![Leaning tower of pizza saugus ma](https://cdn1.cdnme.se/5447227/9-3/2_64e61dfa9606ee7f98e9879b.png)
![leaning tower of pizza saugus ma leaning tower of pizza saugus ma](https://live.staticflickr.com/4570/38290337911_14431fc333_n.jpg)
Just to the north, though, Route 1 remains the Masshole answer to Old Las Vegas-both amusingly ostentatious (there’s a pizza place with its own scaled-for-suburbia replica of the Leaning Tower of Pisa) and coated with a thin layer of suburban-desert dust and grime. The city is cleaner and safer, for sure, but it’s also lost a bit of the peculiar grit and whimsy that is, in my opinion, an important part of what makes urban living worth the rent. Once a working-class crazy quilt of a city, the Hub over the years has ironed out most of its weirder wrinkles and bleached its dirtier seams to become a more palatable place for white-collar types to live, work, and play.
![leaning tower of pizza saugus ma leaning tower of pizza saugus ma](http://www.valleyantennas.com.au/wp-content/uploads/2019/01/leaning-tower-of-pizza-1.jpg)

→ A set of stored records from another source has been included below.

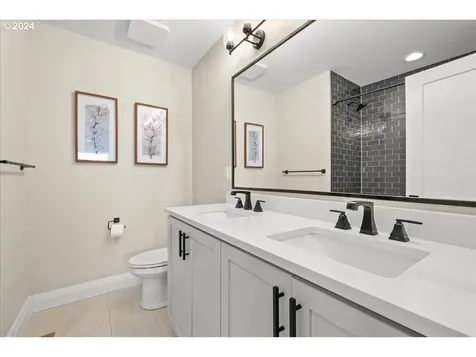 640 N Kemper Loop Ridgefield WA 98642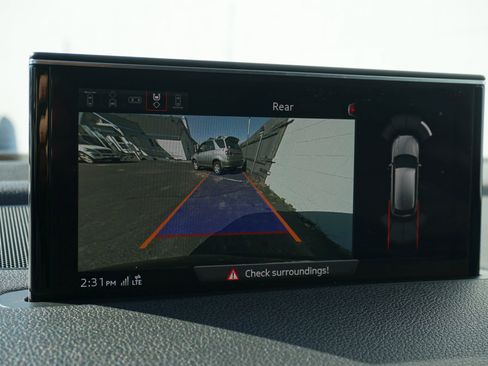 Used 2017 Audi Q7 3.0T Premium Plus w/ Premium Plus Package image 10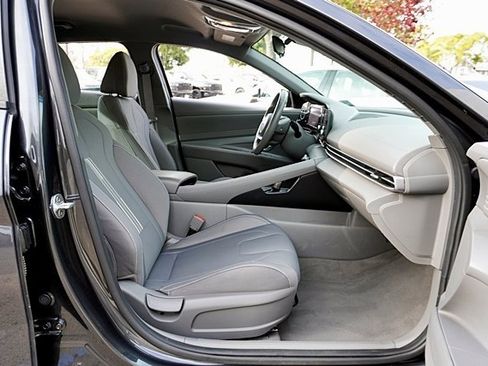 Used 2021 Hyundai Elantra SEL w/ Convenience Package image 11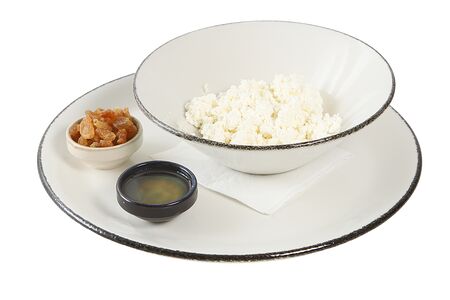 Творог с ягодами фламбе и мёдом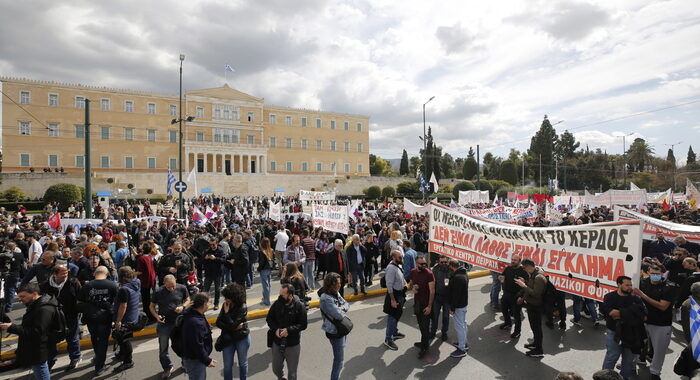 Grecia, sciopero generale e manifestazioni per tragedia Tebi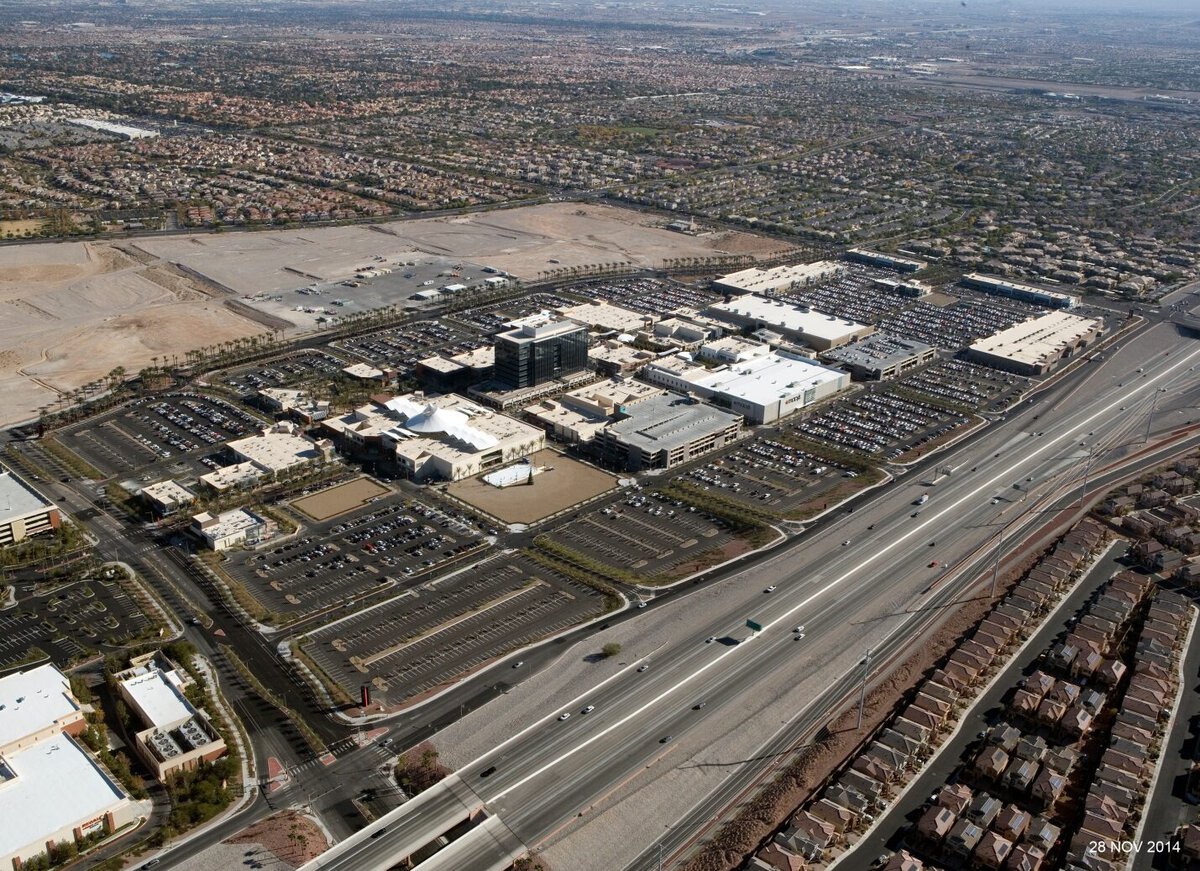 Downtown Summerlin Rose From a Stalled Las Vegas Mall Project: Today, It Draws 20 Million Visits a Year 13 Downtown Summerlin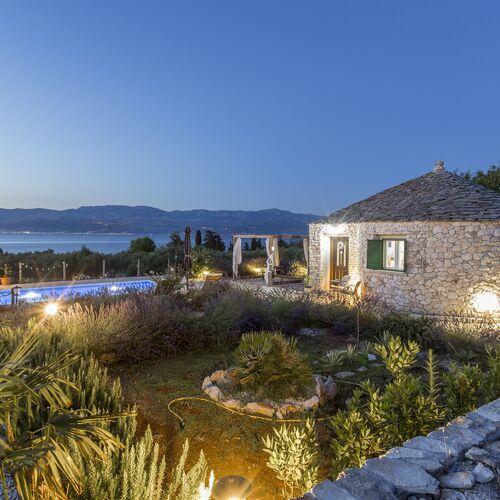 House Magical Island Mirca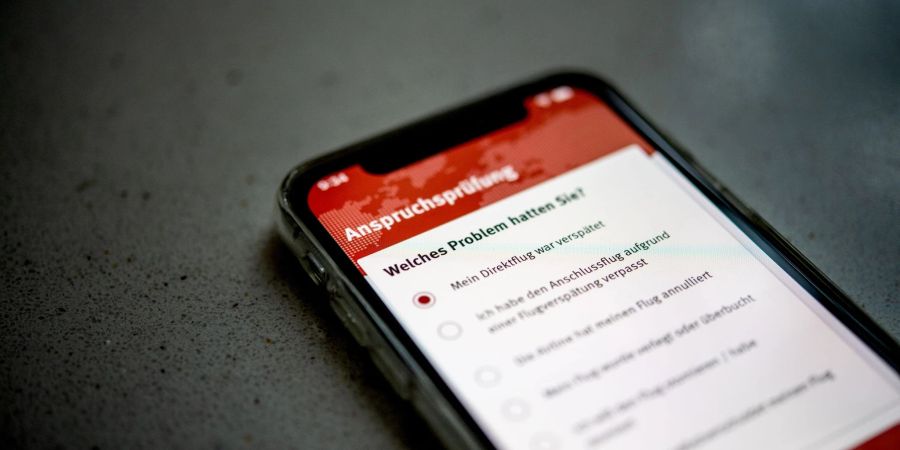 Ansprüche gegen die Airline lassen sich auch auf digitalem Weg einfordern. Apps können dabei helfen, zum Beispiel die Anwendung «Flugärger» von der Verbraucherzentrale NRW.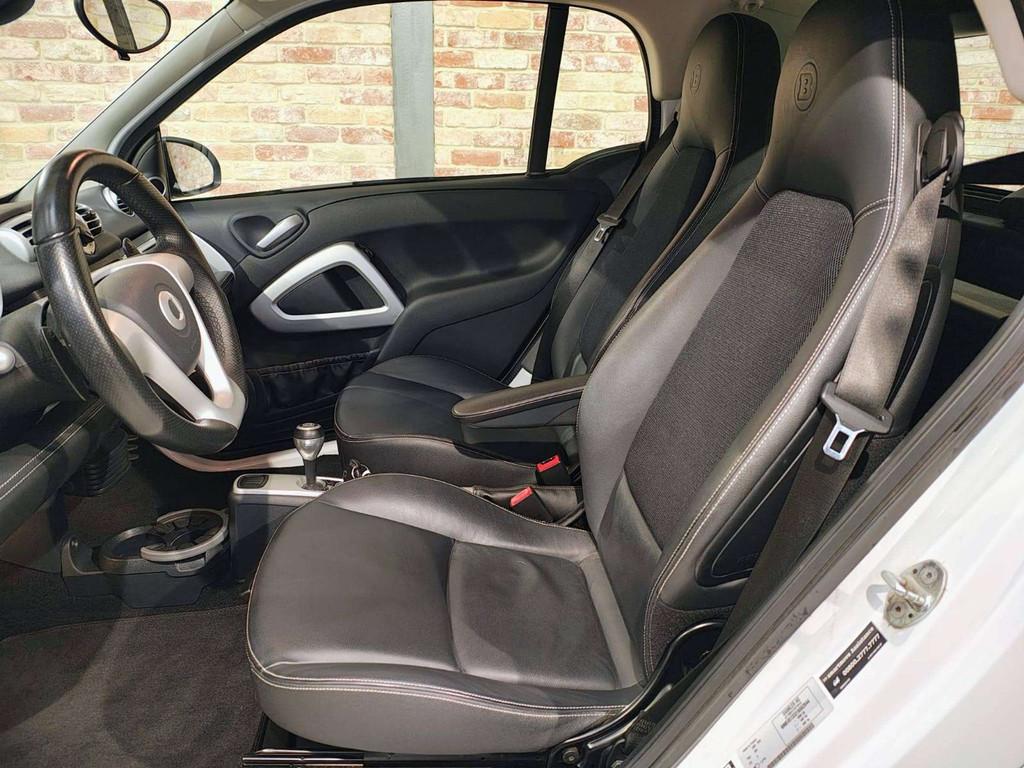 Smart Brabus Coupe Brabus 1.0 Turbo Brabus Softouch, Auto's, Automaat, Achterwielaandrijving, Gebruikt, Wit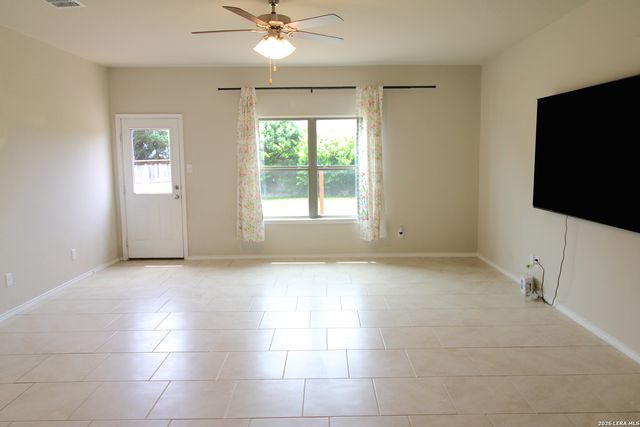 4705 CAMBRIDGE PARK, Converse, TX 78109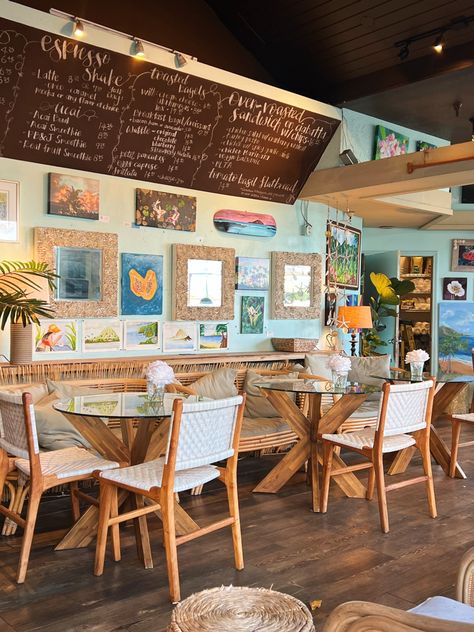 Beach Cafe Exterior, Surf Bar Design, Beach Coffee Shop Aesthetic, Beach Juice Bar, Coffee Beach Aesthetic, Beachy Coffee Shop, Tropical Coffee Shop, Hawaiian Coffee Shop, Beach Cafe Design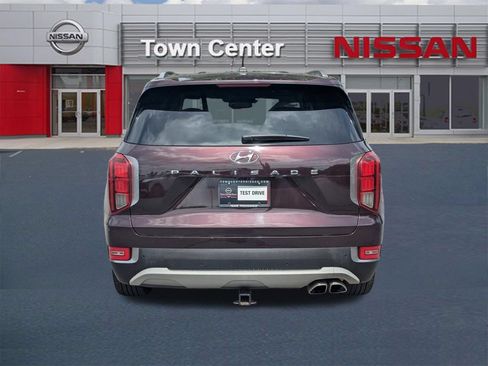 Used 2020 Hyundai Palisade SEL w/ Premium Package FWD image 6
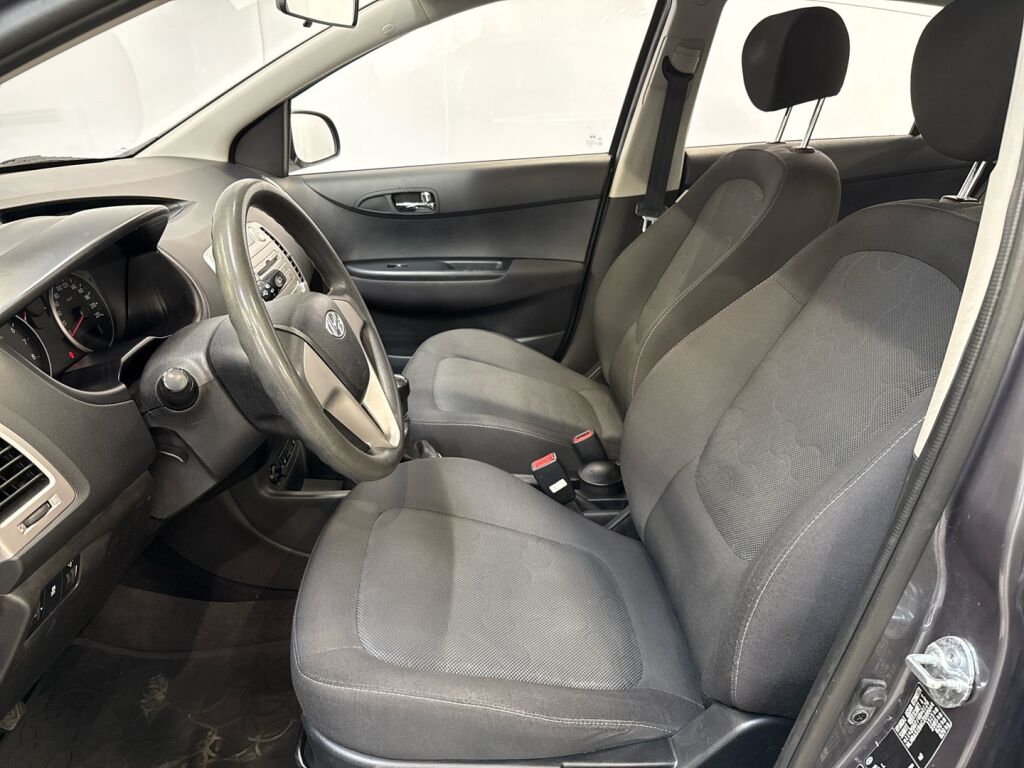 Hyundai i20 2011 Harmaa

It’s part of one of America’s first interstate highways, and with its gaudy themed restaurants, fleabag lodgings, topless bars, and assortment of other vaguely dated diversions, it still feels like a place out of time-especially when compared to Boston, just down the street. For years, whenever I’ve braved the endless stream of speeding souped-up cars on my way to-and-fro the North Shore along Route 1, I’ve found myself fascinated by the piercing stretch of road.